● Data extract
+++

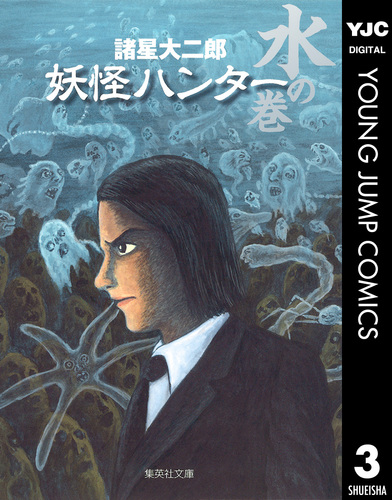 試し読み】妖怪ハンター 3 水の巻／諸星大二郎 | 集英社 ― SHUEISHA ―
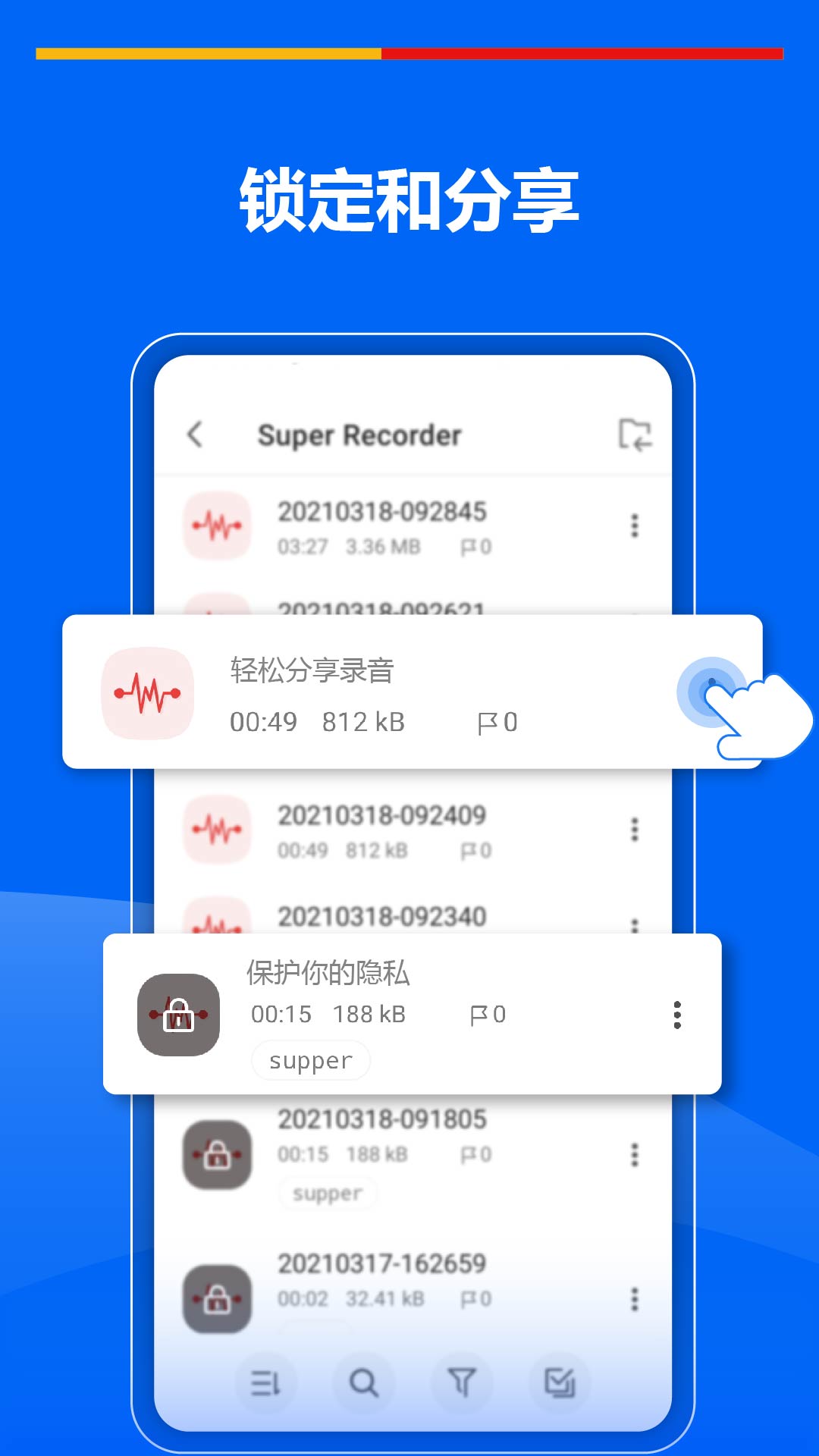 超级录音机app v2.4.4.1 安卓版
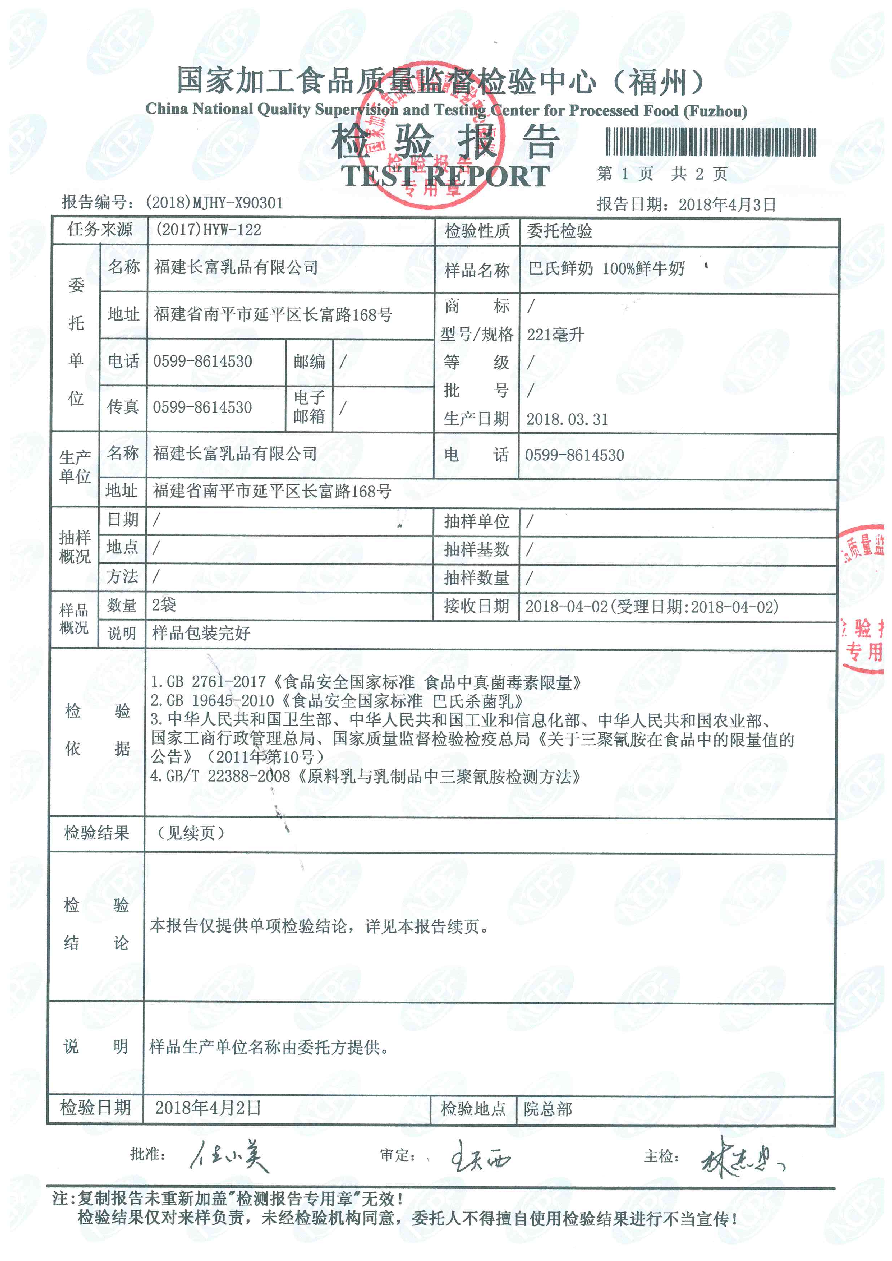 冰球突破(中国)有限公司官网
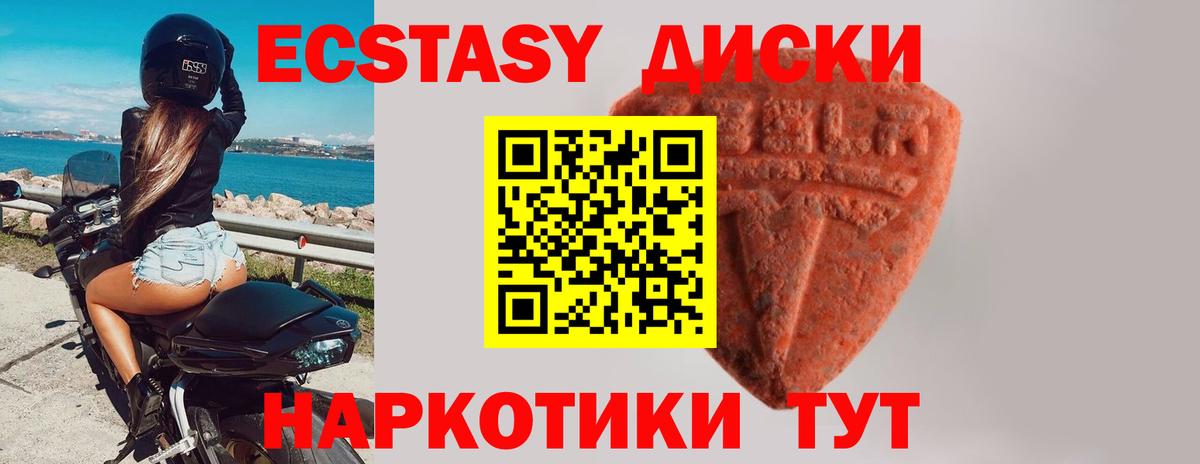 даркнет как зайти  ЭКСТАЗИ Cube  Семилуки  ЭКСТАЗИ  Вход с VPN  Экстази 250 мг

+++

● What to produce
Reproduce the material above exactly, but only from the line with "冰球突破(中国)有限公司官网" through its last line, leaving pictures out.

● The answer
 冰球突破(中国)有限公司官网
 даркнет как зайти  ЭКСТАЗИ Cube  Семилуки  ЭКСТАЗИ  Вход с VPN  Экстази 250 мг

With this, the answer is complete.